When I started working with C++, I put everything into one big .cpp file.
I'm now trying to change this by creating classes for my functions. But I encountered a problem.
I have a function where there's an index which is supposed to get raised by 1 under certain circumstances & keep this value for the next time. This index is used for renaming a file for example. Like this:
// if there's "motion" create new video file, reset index
if (numCont > 0 && contours.size() < 100) {
index = 0;
MotionDetector::saveFile(frame1, output_file, addFrames, video_nr);
}
// if there's a video file & no motion, raise index by 1
// if there's been no motion for x frames (that's what the index is for),
// stop recording
if (addFrames && numCont == 0) {
index++;
MotionDetector::saveFile(frame1, output_file, addFrames, video_nr);
if(index == 30) addFrames = false;
}
Inside of saveFile is something like this:
if (!addFrames) {
// release old video file
// create new file using video_nr for the naming part
}
else {
//add frame to existing video
video << frame;
}
Another variable I want to change "globally" is a boolean. If certain conditions are met it is either true or false and this state has to be saved for the next time the function gets called.

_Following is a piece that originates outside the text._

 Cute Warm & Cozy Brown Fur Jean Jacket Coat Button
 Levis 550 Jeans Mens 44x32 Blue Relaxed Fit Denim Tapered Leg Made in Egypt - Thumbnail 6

I know that I could return the values and then use it from my main again BUT then I'd have ~3 different variables (one Mat, one int, one bool) to return and I have no idea how to handle that.
Before I moved it to its own class I still had 2 variables to make it work, even though I kinda got to the point of thinking it was quite useless that way. Is there any easy way to keep changes made by functions in external classes? Tried it using reference already, but it didn't seem to work either.
Right now addFrames is a referenced argument passed from the original class/function-call but it doesn't work as intended.